Many women are victims of this kind of maltreatment in various forms. They do not talk about it because of the fear of cultural stigma and lack of advocates. They would rather keep quiet to endure whatever treatment is being meted out to them.
Strangely enough, the causes of these dehumanizing treatments are mostly suspicions and false accusations.
Some of the widows are suspected of being the cause of the deaths of their husbands. To justify their inhumane behaviors, others explain that it is their tradition.
However, these maltreatments not only inflict physical pain on the widows but also psychological and emotional pain. This goes a long way to negatively impact the lives of the children they are raising, and sometimes makes them grow with bitterness in their hearts for their society.
These treatments pose a health challenge to some of these widows, making them face untimely death, leaving their children wandering around, contributing to an increase in the crime rate in society.

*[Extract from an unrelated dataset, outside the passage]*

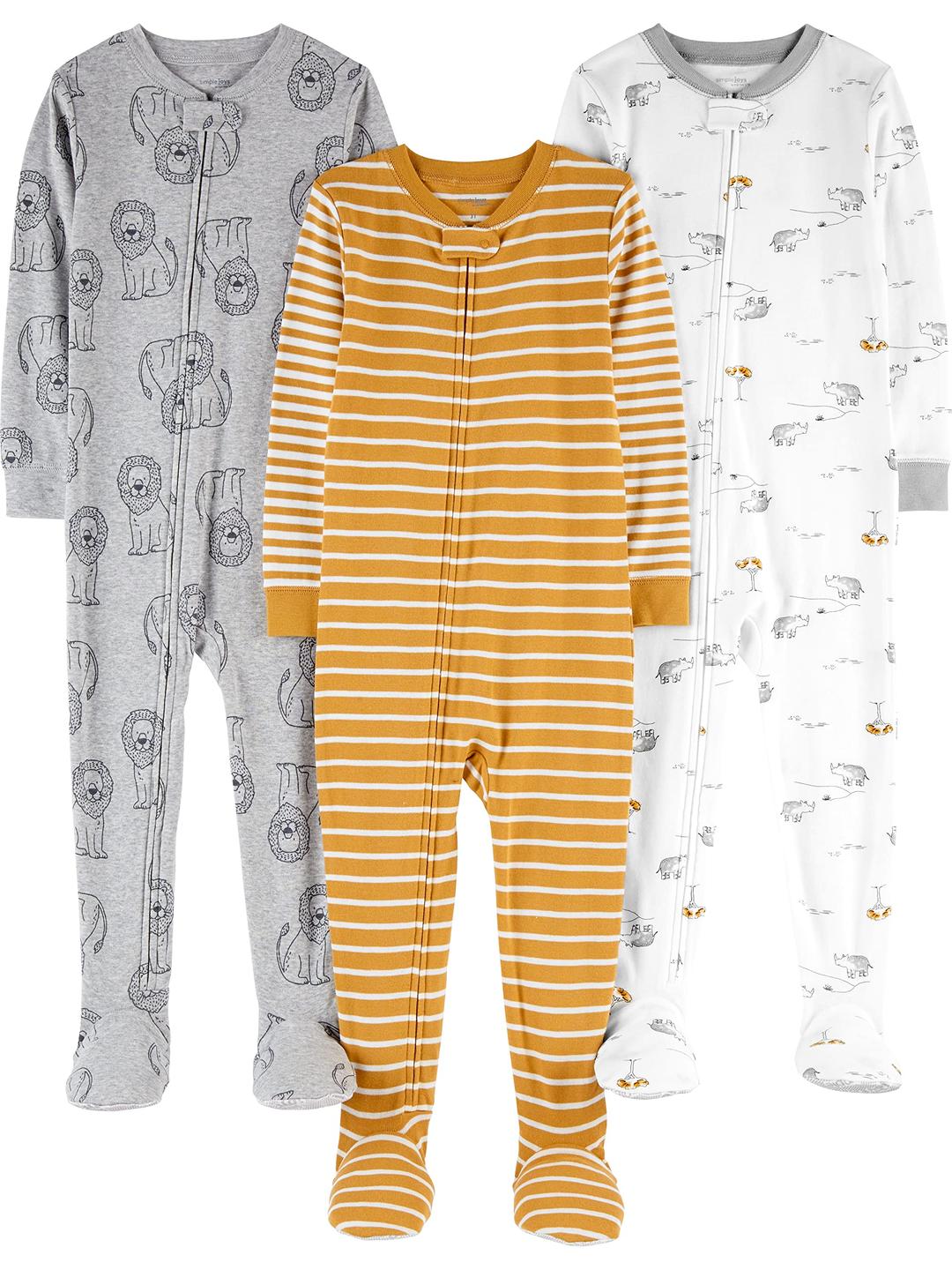 Simple Joys by Carter's Toddlers and Baby Boys' Snug-Fit Footed Cotton Pajamas, Pack of 3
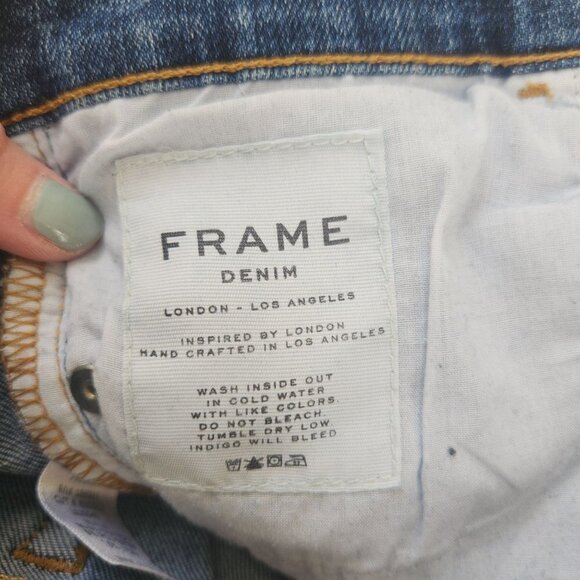 Frame Denim Le Skinny de Jeanne Medium Wash Stretch Skinny Jeans Distressed 26 - Picture 8 of 9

I refuse to believe that these practices are going on because people do not know about them, or they do not see them being practiced. No, it is simply an attitude of apathy and indifference to the sufferings of others. And this indifference and silence are our individual, community and national contribution to cruelty and inhumanity. By our silence, we affirm the traditions.
I strongly believe that with the level of formal education as a nation, some of our cultural practices, such as the so-called widowhood rites, should be expunged from our culture.
Education should improve the dignity of the human person, including widows. Our professors in Sociology and Anthropology need to do more research into these cultures to bring the evil in the cultures to light.
The 1992 Constitution and the Matrimonial Causes Act of 1971 (Act 367) and the Intestate Succession Law of 1985 (PNDCL 111) are existing laws meant to protect the rights of Widows. These should be implemented and enforced.
Regrettably, if the enforcers are the perpetrators, then the law is a dead letter.
I am aware that some institutions and organizations contribute to the poor during festive seasons. These donations go a long way to help the widows during those occasions, but what the widows need more is their liberation from the bondage of torture and humiliation. Therefore, a lot more needs to be done.
The Church is the strongest and loudest voice for widows. In addition to what the Church is doing, I strongly recommend that a proper Widowhood Rite be formulated by the Conference of Bishops, or at least, at the Provincial level, to be used by Dioceses and Archdioceses. This will help restore the dignity of widows in the Church and society at large.
The State, in collaboration with Religious Bodies, can easily put a stop to these negative cultural practices. I have high expectations for both in this regard.
In conclusion, I remind every individual, community, and the nation at large that widows are crying: crying for the restoration of their dignity as women; crying to move back to the houses they occupied when their husbands were alive; crying for help to raise their children into responsible citizens. And none of us can be deaf to their cry.